To rev up its cell therapy engine, AstraZeneca is looking to the aptly named Revvity.
The Big Pharma has inked a licensing deal with Revvity—the new moniker for the life sciences and diagnostics departments of PerkinElmer—to use its gene editing platform in the development of new cell therapy treatments for cancer and other immune-mediated diseases, according to a Thursday announcement.
The companies didn’t disclose the financial details of the agreement, but in a statement sent to Fierce Medtech, Bryan Kipp, head of life sciences strategy and integration at Revvity, said, “When it comes to structuring an agreement, our aim is to maximize the overall value of the agreement for all Revvity stakeholders through a license structure that includes upfront, milestone and royalty payments.”
The deal gives AstraZeneca access to the technology behind Revvity’s Pin-point gene editing system.

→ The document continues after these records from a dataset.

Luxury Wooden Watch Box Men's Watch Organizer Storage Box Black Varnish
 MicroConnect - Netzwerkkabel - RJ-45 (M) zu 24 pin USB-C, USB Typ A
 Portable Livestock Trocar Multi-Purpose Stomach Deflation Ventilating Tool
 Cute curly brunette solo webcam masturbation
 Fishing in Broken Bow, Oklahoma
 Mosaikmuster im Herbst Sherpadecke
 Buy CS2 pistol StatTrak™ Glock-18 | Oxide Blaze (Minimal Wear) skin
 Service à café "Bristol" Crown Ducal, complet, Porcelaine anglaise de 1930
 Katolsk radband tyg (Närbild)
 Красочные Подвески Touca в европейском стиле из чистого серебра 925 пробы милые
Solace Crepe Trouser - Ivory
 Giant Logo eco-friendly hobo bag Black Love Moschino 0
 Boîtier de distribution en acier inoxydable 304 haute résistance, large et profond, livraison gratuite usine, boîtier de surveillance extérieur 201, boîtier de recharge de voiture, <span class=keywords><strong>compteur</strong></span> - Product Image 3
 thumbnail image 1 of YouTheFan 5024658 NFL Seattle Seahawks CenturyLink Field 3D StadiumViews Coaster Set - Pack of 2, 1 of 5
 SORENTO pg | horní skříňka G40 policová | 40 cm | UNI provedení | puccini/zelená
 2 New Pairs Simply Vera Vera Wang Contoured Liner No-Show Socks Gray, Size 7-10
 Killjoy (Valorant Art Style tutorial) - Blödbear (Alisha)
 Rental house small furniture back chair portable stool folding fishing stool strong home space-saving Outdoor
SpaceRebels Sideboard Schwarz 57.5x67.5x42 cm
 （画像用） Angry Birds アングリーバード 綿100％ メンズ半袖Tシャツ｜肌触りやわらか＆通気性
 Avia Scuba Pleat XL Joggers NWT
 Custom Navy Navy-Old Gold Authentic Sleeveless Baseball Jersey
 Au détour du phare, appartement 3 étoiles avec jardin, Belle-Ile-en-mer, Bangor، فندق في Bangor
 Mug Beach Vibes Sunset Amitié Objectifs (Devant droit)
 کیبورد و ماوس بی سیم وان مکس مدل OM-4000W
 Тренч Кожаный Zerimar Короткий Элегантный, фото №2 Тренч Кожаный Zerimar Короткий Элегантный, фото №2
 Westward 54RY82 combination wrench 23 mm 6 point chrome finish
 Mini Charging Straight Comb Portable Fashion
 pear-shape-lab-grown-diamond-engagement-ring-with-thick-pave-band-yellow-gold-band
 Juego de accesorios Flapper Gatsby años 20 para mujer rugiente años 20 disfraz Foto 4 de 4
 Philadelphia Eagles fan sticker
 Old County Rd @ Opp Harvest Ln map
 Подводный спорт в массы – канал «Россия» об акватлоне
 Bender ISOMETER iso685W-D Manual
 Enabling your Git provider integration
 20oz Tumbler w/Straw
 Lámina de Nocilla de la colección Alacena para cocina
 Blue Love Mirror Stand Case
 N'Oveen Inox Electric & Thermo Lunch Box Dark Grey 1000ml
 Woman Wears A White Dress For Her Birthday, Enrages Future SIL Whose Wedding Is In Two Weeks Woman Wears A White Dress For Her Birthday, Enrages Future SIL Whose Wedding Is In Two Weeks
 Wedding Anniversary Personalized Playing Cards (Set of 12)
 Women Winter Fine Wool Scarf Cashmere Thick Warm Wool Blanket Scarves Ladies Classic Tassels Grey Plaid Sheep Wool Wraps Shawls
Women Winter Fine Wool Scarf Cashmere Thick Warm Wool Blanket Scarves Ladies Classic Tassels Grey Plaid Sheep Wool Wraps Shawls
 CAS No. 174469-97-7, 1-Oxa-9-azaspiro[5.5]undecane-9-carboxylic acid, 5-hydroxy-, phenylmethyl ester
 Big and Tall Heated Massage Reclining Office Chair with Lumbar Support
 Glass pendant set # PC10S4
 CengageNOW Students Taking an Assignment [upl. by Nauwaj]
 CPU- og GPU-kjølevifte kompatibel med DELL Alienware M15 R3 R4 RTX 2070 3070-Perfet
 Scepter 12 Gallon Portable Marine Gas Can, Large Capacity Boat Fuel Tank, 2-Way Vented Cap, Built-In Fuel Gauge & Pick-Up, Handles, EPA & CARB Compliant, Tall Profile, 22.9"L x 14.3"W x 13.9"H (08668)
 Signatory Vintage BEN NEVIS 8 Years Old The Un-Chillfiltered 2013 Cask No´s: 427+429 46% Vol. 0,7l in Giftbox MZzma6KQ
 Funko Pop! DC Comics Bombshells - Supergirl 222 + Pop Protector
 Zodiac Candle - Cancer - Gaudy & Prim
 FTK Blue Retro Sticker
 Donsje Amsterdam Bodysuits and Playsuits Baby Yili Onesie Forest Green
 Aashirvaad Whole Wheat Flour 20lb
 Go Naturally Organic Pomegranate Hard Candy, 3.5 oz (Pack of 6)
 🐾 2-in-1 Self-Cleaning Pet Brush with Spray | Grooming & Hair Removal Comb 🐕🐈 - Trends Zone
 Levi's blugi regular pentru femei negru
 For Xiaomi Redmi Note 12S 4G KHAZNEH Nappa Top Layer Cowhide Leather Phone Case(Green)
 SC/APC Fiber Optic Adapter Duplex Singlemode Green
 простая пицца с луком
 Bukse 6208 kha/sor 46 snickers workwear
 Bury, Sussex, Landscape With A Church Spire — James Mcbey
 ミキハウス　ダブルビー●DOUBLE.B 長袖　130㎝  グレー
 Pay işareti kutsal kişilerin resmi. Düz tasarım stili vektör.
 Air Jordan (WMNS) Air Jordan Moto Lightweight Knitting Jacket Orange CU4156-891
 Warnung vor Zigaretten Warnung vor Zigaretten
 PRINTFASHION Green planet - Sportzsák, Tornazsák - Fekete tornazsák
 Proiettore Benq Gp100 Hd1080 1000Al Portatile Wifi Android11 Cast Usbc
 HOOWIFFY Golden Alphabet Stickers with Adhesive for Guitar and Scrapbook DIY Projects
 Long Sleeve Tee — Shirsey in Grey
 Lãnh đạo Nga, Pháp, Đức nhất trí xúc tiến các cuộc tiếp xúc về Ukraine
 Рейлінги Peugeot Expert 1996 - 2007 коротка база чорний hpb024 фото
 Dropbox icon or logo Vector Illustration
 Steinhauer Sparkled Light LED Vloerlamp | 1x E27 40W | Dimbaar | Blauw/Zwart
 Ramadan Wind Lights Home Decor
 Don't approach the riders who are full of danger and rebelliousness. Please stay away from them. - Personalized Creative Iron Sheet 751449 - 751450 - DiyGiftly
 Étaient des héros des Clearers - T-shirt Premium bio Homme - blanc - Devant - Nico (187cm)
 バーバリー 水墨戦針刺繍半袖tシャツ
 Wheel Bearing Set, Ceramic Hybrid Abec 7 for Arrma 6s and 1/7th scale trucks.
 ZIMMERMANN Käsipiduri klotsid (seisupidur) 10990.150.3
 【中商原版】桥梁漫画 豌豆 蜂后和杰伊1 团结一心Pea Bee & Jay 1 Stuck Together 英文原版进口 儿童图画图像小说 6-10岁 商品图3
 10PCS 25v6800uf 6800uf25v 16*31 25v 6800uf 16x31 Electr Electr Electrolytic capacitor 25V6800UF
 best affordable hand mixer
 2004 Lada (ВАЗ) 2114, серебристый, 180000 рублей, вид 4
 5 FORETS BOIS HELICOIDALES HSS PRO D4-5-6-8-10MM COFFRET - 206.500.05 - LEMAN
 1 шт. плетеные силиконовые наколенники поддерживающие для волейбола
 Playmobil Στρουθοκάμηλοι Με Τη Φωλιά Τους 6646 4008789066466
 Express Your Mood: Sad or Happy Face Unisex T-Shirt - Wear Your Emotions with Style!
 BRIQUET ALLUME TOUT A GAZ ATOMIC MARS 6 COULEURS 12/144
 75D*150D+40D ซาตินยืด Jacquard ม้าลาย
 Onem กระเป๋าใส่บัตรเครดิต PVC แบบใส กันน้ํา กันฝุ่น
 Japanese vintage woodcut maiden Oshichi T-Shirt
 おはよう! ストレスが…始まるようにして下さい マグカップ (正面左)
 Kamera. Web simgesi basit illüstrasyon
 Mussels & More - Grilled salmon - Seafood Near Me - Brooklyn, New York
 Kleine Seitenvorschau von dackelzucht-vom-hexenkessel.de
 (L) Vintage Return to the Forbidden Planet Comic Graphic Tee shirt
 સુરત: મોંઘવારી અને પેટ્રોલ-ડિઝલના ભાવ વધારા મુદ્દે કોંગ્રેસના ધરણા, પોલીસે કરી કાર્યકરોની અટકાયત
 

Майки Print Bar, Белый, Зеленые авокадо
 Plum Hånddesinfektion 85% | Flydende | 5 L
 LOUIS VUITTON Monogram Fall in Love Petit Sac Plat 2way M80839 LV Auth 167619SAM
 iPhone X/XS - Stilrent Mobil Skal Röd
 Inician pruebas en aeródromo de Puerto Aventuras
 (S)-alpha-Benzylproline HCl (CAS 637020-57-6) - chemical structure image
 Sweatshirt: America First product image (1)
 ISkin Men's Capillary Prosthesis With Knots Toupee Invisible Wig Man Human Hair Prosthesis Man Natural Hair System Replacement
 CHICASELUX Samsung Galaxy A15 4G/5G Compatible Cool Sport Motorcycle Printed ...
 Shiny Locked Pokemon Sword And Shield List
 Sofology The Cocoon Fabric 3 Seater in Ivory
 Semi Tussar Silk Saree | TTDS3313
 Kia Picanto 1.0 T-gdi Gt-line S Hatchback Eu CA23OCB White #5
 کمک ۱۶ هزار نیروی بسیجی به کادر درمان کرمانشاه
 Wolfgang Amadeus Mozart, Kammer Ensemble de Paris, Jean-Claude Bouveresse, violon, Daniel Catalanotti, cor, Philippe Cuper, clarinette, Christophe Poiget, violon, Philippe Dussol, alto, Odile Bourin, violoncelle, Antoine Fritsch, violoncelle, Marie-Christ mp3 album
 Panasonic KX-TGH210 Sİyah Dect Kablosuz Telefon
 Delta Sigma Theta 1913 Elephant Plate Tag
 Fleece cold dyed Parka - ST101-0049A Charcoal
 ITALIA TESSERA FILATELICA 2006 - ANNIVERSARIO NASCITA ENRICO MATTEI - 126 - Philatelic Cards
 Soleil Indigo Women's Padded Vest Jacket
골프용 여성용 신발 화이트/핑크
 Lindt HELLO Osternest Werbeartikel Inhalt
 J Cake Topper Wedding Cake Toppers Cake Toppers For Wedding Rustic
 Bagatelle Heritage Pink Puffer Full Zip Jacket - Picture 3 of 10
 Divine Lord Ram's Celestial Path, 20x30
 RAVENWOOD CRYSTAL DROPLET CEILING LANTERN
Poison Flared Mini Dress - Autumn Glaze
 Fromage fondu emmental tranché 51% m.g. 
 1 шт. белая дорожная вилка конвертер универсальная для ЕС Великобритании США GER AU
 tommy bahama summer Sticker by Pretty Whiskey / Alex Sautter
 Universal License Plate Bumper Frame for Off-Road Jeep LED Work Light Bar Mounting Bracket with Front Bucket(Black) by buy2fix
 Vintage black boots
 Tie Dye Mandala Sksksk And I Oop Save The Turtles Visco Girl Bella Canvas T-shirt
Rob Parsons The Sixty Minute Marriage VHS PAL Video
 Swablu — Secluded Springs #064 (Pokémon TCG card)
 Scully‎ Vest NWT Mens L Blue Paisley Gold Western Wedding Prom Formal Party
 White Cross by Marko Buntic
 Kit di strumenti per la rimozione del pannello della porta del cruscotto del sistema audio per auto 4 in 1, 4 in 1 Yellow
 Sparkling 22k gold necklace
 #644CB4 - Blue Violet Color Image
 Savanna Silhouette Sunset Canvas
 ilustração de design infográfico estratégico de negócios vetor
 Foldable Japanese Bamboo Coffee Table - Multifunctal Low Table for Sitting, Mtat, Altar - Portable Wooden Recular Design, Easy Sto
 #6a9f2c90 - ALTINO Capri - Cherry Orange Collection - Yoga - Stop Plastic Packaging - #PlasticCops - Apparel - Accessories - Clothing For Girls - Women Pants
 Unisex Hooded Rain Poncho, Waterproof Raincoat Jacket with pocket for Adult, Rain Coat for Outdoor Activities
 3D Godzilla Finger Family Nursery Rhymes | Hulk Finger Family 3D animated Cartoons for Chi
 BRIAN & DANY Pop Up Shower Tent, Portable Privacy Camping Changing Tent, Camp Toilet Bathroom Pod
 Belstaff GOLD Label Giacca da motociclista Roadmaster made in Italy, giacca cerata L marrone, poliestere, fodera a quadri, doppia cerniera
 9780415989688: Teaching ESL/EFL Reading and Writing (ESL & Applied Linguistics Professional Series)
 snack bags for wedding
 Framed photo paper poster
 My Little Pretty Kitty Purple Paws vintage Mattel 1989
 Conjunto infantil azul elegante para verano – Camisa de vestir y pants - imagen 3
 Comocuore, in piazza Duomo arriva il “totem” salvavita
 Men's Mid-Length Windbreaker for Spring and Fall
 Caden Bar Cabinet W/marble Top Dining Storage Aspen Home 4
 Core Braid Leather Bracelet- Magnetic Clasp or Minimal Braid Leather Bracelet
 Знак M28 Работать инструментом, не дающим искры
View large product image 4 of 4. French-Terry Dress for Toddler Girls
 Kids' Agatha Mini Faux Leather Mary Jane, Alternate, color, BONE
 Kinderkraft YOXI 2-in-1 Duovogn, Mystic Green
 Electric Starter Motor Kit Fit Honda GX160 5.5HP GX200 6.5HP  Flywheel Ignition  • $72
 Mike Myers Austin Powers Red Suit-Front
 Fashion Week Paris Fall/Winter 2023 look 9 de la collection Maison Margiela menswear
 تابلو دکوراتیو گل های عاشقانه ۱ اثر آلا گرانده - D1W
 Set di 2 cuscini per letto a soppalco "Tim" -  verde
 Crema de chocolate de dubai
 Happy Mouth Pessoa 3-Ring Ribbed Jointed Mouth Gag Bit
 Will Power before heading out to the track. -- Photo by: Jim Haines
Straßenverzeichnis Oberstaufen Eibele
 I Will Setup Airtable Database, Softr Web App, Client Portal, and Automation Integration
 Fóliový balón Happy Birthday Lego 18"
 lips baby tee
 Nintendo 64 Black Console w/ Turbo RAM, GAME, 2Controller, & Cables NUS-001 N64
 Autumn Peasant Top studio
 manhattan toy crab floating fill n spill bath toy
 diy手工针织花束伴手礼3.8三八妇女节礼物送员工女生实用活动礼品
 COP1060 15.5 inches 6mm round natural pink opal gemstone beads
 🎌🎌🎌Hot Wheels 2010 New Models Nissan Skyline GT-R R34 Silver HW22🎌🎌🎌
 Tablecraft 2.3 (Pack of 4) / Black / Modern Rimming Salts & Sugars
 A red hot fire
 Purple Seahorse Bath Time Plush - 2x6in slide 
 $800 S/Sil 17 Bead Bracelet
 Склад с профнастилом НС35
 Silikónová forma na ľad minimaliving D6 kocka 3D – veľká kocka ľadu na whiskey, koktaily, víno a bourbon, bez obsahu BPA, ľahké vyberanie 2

The platform takes a base editing approach, which builds on CRISPR-Cas9 techniques but allows for more precision in the gene editing process. Because base editors can alter a single strand of DNA at a time, they avoid the double-strand breaks common to CRISPR that can lead to the undesired insertion, deletion or rearrangement of nucleotides in the genome.
The Pin-point platform—which Revvity has exclusively licensed from its makers at Rutgers University—comprises a three-part, modular system that Revvity says allows it to be customized to the exact needs of a gene editing target.
The components include an RNA aptamer, a modified Cas9 enzyme and a deaminase enzyme. The guide RNA leads the modified Cas9 to the exact location of a DNA target, where the Cas9 nicks a single strand of the DNA; meanwhile, the deaminase carries out the desired base edit on the opposite strand, which is then used as a repair template for the nicked strand, therefore completing the base pair conversion.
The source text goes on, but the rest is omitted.